Biochemical analysis

Estimation of lipid peroxides

The blood hydroperoxide level was evaluated using the free radical analytical system (Iran, Parma, Italy), which is a colorimetric test that takes advantage of the ability of hydroperoxides to generate free radicals after reacting with some transitional metals. In this test, a colored complex appears when buffered chromogenic substances are added to a solution that contains hydroperixodes. The amount of complex that was formed can then be measured by a spectrophotometer. The lipid peroxidation level, or the amount of TBARS in the liver, was measured by a method described by Ohkawa, et al. [25]. The liver tissue was homogenized in ice-cold 0.15 M HCl (10%) and the absorbance was read at 532 nm. Using 1,1,3,3-tetramethoxypropane as the standard, the absorbance was used to determine the concentration of TBARS, which was expressed as nm of MDA per mg protein.

Assay of hepatic reduced glutathione

The reduced form of glutathione was determined using DTNB as the coloring reagent and following the method described by Moron et al. [26]. The absorbance was read at 412 nm using a spectrophotometer and the GSH concentration was calculated from a standard curve.

Determination of hepatic catalase

The level of catalase activity was estimated in the liver homogenate by the method described by Aebi [27]. The specific activity of catalase is expressed in units of moles of H2O2 consumed/min/mg of protein. The difference in the absorbance at 240 nm per unit time was used to determine the catalase activity.

Liver function tests and lipid profile

The levels of AST, ALT, ALP, bilirubin, LDH, cholesterol, triglycerides, LDL, HDL, protein, and urea were measured in the plasma samples obtained from all the groups. The measurements were performed in accordance with the manufacturer protocols of the Bio Merieux kits, France. The amounts of AST, ALT and ALP were determined kinetically, whereas the other proteins were evaluated by colorimetry.
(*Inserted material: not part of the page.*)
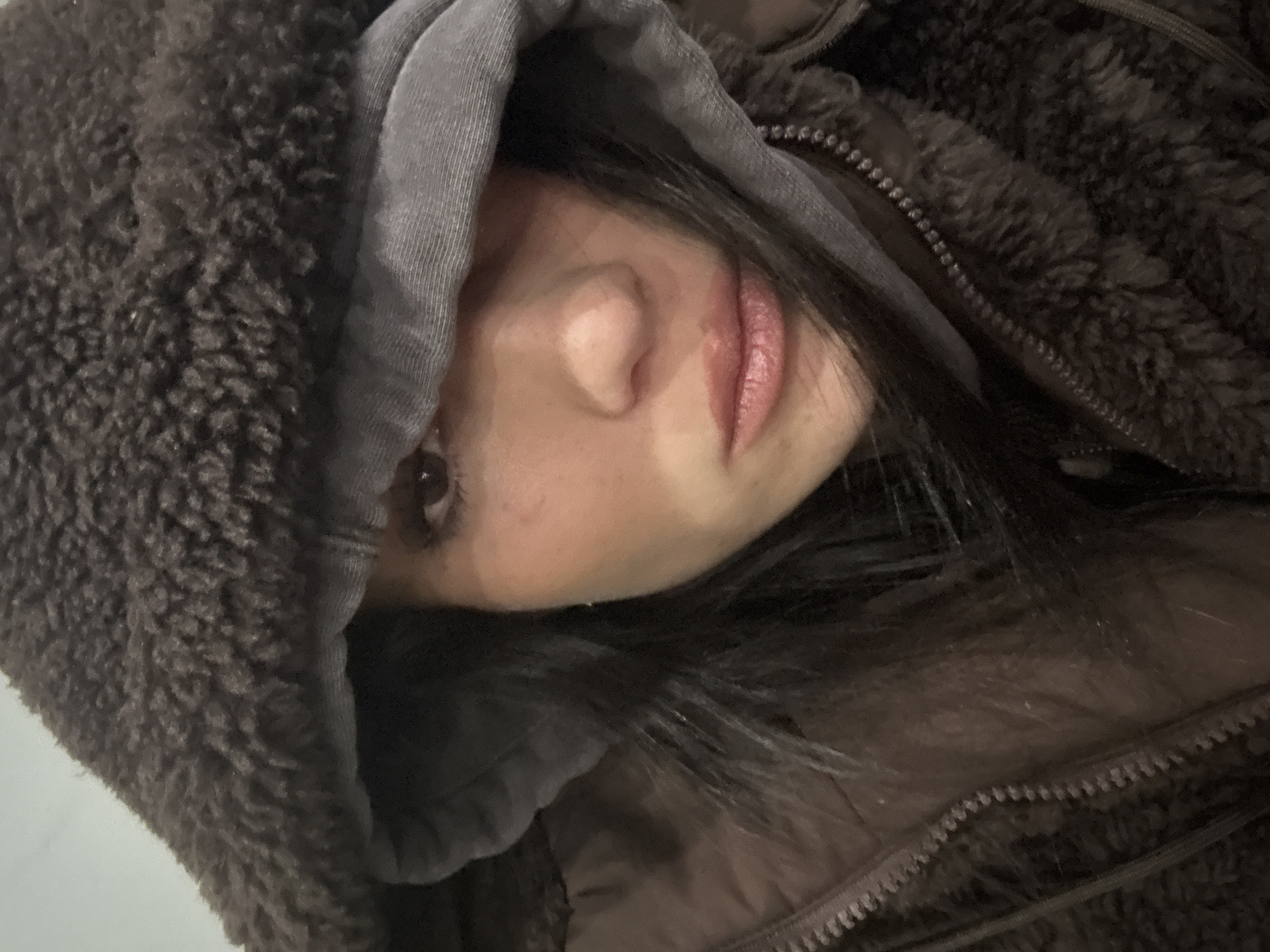Person in brown hoodie photographed in Buenos Aires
The intensity of coloration was measured using the UV/Visible-Model-80-2106-00 spectrophotometer, Pharmacia Biotech, Cambridge, England.

Histological study

The liver sample from each animal was processed using light microscopy. The tissue sections were fixed in 10% neutral buffered formalin and embedded in paraffin. The paraffin sections were then stained with hematoxylin-eosin (H&E). Mallory Trichrome was used for detecting the collagen deposition in the hepatic tissue. The degree of liver damage was examined blindly using a Leica DMRB/E light microscope (Heerbrugg, Switzerland).

RNA extraction and cDNA synthesis

The total RNA from the liver tissue homogenates was isolated using TRIzol reagent (Invitrogen®). The isolation was performed according to the manufacturer’s instructions and quantified by measuring the absorbance at 260 nm. The cDNA synthesis was performed using the High-Capacity cDNA reverse transcription kit (Applied Biosystems®) according to the manufacturer’s instructions. A total of 1.5 μg of total RNA from each sample was added to a mixture of 2.0 μl of 10x reverse transcriptase buffer, 0.8 μl of 25x dNTP mix (100 mM), 2.0 μl of 10x reverse transcriptase random primers, 1.0 μl of MultiScribe reverse transcriptase, and 3.2 μl of nuclease-free water. The final reaction mixture was kept at 25°C for 10 min, heated to 37°C for 120 min, heated to 85°C for 5 s, and then cooled to 4°C.

Quantification of mRNA expression by real-time polymerase chain reaction

The quantitative analysis of the level of mRNA expression of the target genes was achieved by RT-PCR. The cDNA from the above preparation was subjected to PCR amplification using 96-well optical reaction plates in the ABI Prism 7500 System (Applied Biosystems®). The 25-μl reaction mixture in each well contained 0.1 μl of 10 μM forward primer and 0.1 μl of 10 μM reverse primer for a final concentration of 40 μM of each primer, 12.5 μl of SYBR Green Universal Mastermix (Applied Biosystems®), 11.05 μl of nuclease-free water, and 1.25 μl of the cDNA sample. The primers used in the current study were chosen from the PubMed database (pubmed.com) (Table 1). The RT-PCR data were analyzed using the relative gene expression method, as described by the Applied Biosystems® User Bulletin No. 2. The data are therefore presented as the fold change in gene expression normalized to the endogenous reference gene and relative to a calibration gene.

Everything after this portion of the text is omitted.